OllieBase comments on ITN 201: pitfalls in ITN BOTECs

OllieBase 13 Aug 2025 8:08 UTC
8 points
3 ∶ 0
This is a great post!

> ITN estimates sometimes consider broad versions of the problem when estimating importance and narrow versions when estimating total investment for the neglectedness factor (or otherwise exaggerate neglectedness), which inflates the overall results
I really like this framing. It isn’t an ITN estimate, but a related claim I think I’ve seen a few times in EA spaces is:
“billions/trillions of dollars are being invested in AI development, but very few people are working on AI safety”
I think this claim:
- Seems to ignore large swathes of work geared towards safety-adjacent things like robustness and reliability.
- Discounts other types of AI safety “investments” (e.g., public support, regulatory efforts).
- Smuggles in a version of “AI safety” that actually means something like “technical research focused on catastrophic risks motivated by a fairly specific worldview”.
I still think technical AI safety research is probably neglected, and I expect there’s an argument here that does hold up. I’d love to see a more thorough ITN on this.
- Lizka 20 Aug 2025 13:39 UTC
  4 points
  0 ∶ 0
  Parent
  Yeah, this sort of thing is partly why I tend to feel better about BOTECs like (writing very quickly, tbc!):
  What could we actually accomplish if we (e.g.) doubled (the total stock/ flow of) investment in ~technical AIS work (specifically the stuff focused on catastrophic risks, in this general worldview)? (you could broaden if you wanted to, obviously)
  Well, let’s see:
  That might look like:
  adding maybe ~400(??) FTEs similar (in ~aggregate) to the folks working here now, distributed roughly in proportion to current efforts / profiles — plus the funding/AIS-specific infrastructure (e.g. institutional homes) needed to accomodate them
  E.g. across intent alignment stuff, interpretability, evals, AI control, ~safeguarded AI, AI-for-AIS, etc., across non-profit/private/govt (but in fact aimed at loss of control stuff).
  How good would this be?
  Maybe (per year of doubling) we’d then get something like a similar-ish value from this as we don from a year of current space (or something like 2x less, if we want to eyeball diminishing returns)
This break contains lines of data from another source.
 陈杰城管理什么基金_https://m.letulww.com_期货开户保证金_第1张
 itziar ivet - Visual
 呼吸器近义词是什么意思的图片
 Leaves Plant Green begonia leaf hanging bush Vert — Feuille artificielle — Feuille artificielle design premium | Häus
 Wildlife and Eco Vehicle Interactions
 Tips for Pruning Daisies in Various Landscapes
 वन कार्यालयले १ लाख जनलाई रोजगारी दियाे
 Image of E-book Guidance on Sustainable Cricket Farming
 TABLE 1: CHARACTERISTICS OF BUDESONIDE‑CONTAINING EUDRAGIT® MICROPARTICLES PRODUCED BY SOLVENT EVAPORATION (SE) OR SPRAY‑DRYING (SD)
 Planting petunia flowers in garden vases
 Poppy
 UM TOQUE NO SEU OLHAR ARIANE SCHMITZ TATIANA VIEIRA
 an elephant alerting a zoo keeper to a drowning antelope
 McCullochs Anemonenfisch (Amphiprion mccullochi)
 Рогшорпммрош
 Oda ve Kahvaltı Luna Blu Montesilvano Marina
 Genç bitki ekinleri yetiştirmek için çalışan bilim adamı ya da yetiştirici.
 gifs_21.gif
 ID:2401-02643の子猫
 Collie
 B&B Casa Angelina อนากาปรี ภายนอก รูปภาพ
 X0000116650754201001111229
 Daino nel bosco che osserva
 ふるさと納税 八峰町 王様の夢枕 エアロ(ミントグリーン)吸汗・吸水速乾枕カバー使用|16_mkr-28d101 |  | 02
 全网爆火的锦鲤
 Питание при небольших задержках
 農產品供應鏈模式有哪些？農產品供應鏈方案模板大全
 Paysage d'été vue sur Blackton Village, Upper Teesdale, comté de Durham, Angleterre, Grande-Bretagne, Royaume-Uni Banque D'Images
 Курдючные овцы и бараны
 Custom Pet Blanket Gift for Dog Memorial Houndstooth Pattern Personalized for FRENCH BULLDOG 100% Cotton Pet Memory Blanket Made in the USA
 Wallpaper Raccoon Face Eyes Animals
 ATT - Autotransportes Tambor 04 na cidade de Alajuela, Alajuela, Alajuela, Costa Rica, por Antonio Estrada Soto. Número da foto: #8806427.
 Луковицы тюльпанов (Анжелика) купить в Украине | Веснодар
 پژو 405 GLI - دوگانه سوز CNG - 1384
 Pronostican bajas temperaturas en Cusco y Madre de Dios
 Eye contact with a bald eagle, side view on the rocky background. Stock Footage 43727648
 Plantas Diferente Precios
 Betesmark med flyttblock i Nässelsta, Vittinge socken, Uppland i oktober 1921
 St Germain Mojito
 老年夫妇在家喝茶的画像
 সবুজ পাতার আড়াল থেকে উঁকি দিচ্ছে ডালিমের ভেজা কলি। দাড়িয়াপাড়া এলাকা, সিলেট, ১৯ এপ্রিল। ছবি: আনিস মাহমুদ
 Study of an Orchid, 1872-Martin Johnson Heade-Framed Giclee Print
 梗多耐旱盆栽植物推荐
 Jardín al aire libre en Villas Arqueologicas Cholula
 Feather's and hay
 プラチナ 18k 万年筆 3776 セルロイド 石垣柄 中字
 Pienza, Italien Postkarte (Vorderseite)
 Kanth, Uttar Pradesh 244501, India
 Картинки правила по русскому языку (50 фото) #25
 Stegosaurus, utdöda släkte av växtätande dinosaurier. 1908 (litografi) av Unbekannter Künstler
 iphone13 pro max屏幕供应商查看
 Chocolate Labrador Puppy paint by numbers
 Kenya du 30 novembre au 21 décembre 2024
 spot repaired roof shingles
  Then maybe we can look at what this space has accomplished in the past year and see how much we’d pay for that / how valuable that seems...
  (What other ~costs might we be missing here?)
  You might also decide that you have much better intuitions for how much we’d accomplish (and how valuable that’d be) on a different scale (e.g. adding one project like Redwood/Goodfire/Safeguarded AI/..., i.e. more like 30 FTEs than 400 — although you’d probably want to account for considerations like “for each ‘successful’ project we’d likely need to invest in a bunch of attempts/ surrounding infrastructure...”), or intuitions about what amount of investment is required to get to some particular desired outcome...
  Or if you took the more ITN-style approach, you could try to approach the BOTEC via something like (1) how much investment has there been so far in this broad ~POV / porftolio, (2 (option a)) how much value/progress has this portfolio made + something like “how much has been made in the second half?” (to get a sense of how much we’re facing diminishing returns at the moment — fwiw without thinking too much about it I think “not super diminishing returns at the mo”), or (2 (option b)) what fraction of the overall “AI safety problem” is “this-sort-of-safety-work-affectable” (i.e. something like “if we scaled up this kind of work — and only this kind of work — to an insane degree, how much of the problem will be fixed?”) + how big/important the problem is overall… Etc. (Again, for all of this my main question is often “what are the sources of signal or taste / heuristics / etc. that you’re happier basing your estimates on?)